Nicolas Rieul et Arthur Millet (Alliance Digitale) "L'arrêt de la Privacy Sandbox est une grande victoire pour l'écosystème"
Pour Nicolas Rieul et Arthur Millet, respectivement président et directeur de l'Alliance Digitale, l'outil risquait de renforcer encore davantage la position dominante de Google sur le marché publicitaire.
JDN. Google a annoncé vendredi 18 octobre sa décision d'éteindre la plupart des API de la Privacy Sandbox. Quelle est votre réaction à cette nouvelle ?
Nicolas Rieul. L'Alliance Digitale félicite Google de sa décision d'éteindre la Privacy Sandbox. Cela fait trois ans que nous alertons sur les problèmes posés par cette initiative qui risquait de renforcer encore davantage la position dominante de Google. Le fait que la plateforme leader de la publicité mondiale soit la même qui fixe les règles du jeu pour l'ensemble de l'industrie était un non-sens dès le départ.
L'Alliance Digitale avec ses membres a mis beaucoup de moyens en expertise et en temps pour tester les différentes API de la Privacy Sandbox et répondre aux consultations des différentes autorités, dont celle de la Competition and Markets Authority (CMA). Tous les tests ont démontré que cette solution s'avérait complexe et inadaptée, à commencer pour les annonceurs, avec des coûts d'acquisition plus élevés. Pour les utilisateurs, la Privacy Sandbox aurait engendré une plus forte pression publicitaire.
L'erreur initiale de Google a été d'annoncer la fin des cookies tiers. L'argument selon lequel les cookies tiers ne sont pas conformes au respect de la vie privée ne tient pas la route. Nous avons toujours contesté cette position de Google.
L'Internet ouvert souffre, ce qui bénéficie aux jardins clos. La Privacy Sandbox risquait d'aggraver cette situation. Nous tenons à saluer l'attitude collaborative de Google sur ce dossier. Le collectif a été écouté et c'est une force.
Pourtant Google est revenu en arrière et a maintenu les cookies tiers dès juillet 2024…
Arthur Millet. Grâce aux différents retours procurés par l'industrie, notamment dans le cadre de l'instruction menée par la CMA, processus où l'Alliance Digitale a été parmi les acteurs les plus actifs, Google a compris que ce serait très compliqué d'imposer la Privacy Sandbox comme seule solution.
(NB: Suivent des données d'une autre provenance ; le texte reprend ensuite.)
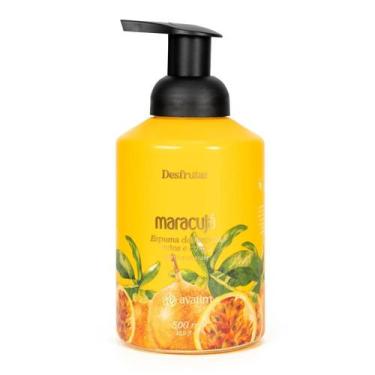 Imagem de Espuma De Limpeza Desfrutar Maracujá 500Ml - Avatim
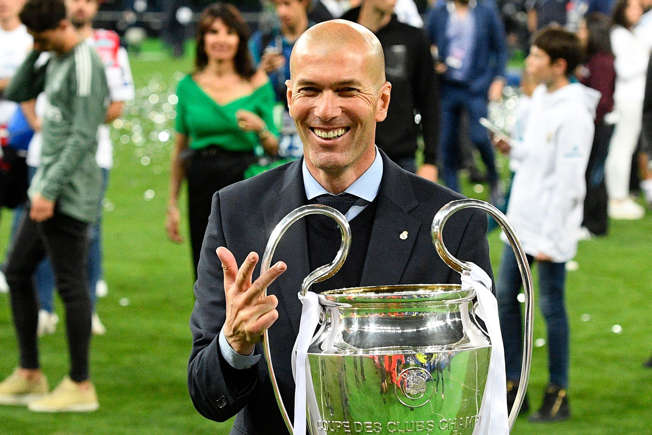 4 - Zinedine Zidane (2016-2021)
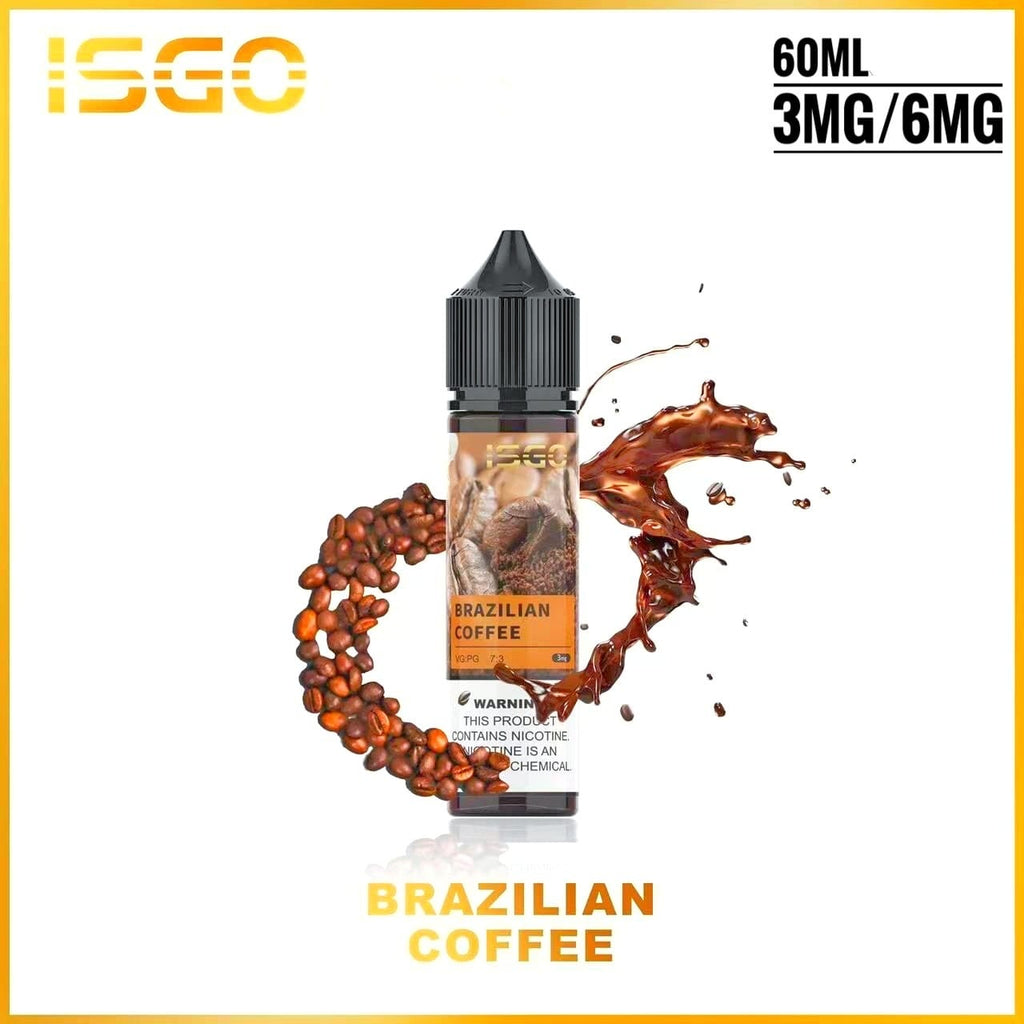 ISGO 60ML E-Liquid 6mg: Elevate Your Vaping Experience with Premium Flavors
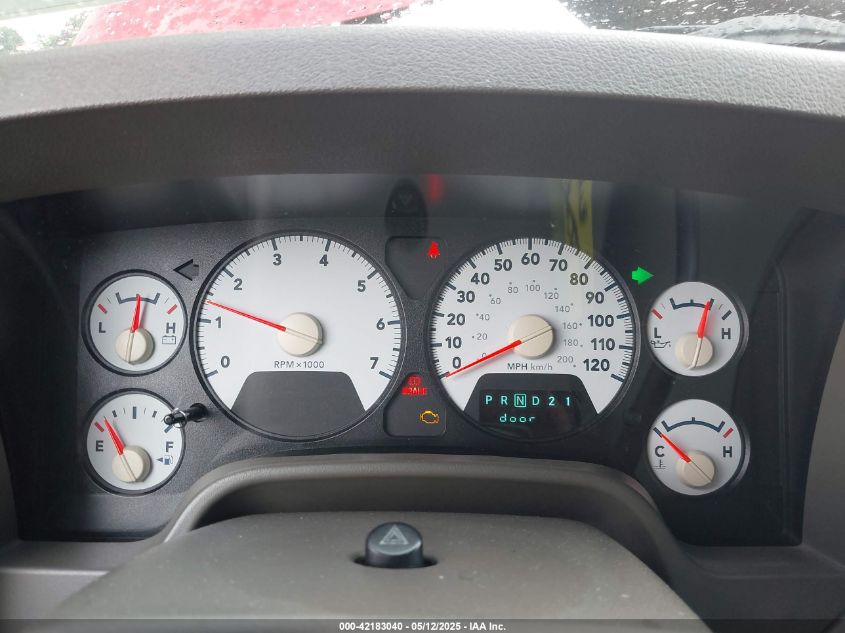 2007 Dodge Ram 1500 Slt VIN: 1D7HA18217S114041 Lot: 42183040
Nicolas Rieul. Google n'a jamais su expliquer véritablement sa décision de supprimer les cookies tiers. De plus, en faisant monter la notion de "first party data", l'entreprise s'attendait sans doute, au lancement de son projet de Privacy Sandbox, que le traitement au niveau du navigateur soit exempté de consentement, comme le pensait Apple pour son ciblage publicitaire au sein de l'app store, condamné depuis par la Cnil. Google a donc dû freiner ses ambitions.
Google est membre de l'Alliance Digitale. Qu'est-ce qui selon vous a motivé sa décision ?
Arthur Millet. Plusieurs facteurs sont venus se cumuler et ont sans doute eu raison de Google, à commencer par la complexité de la Privacy Sandbox.
Nicolas Rieul. Google subit la pression des différents procès anti-trust contre lui en cours en Europe et aux Etats-Unis. Comment centraliser certains outils publicitaires sur Chrome alors que le risque du démantèlement planait sur l'entreprise ? Enfin, il est certain que la décision de l'Autorité de la concurrence française de condamner Apple pour abus de position dominante avec son initiative ATT a pesé sur la décision de Google de désactiver les principales applications de la Privacy Sandbox. Bien que les environnements soient distincts, la Privacy Sandbox sur le web et ATT sur l'in-app, le principe au fond était le même : renforcer la position de ces plateformes.
Désormais qu'est-ce qui change pour l'industrie ?
Nicolas Rieul. Pour nous l'arrêt de la Privacy Sandbox est une grande victoire pour l'Alliance Digitale et pour notre écosystème. Cela ne nous fait rien gagner en soi, mais évite que tout le monde perde beaucoup.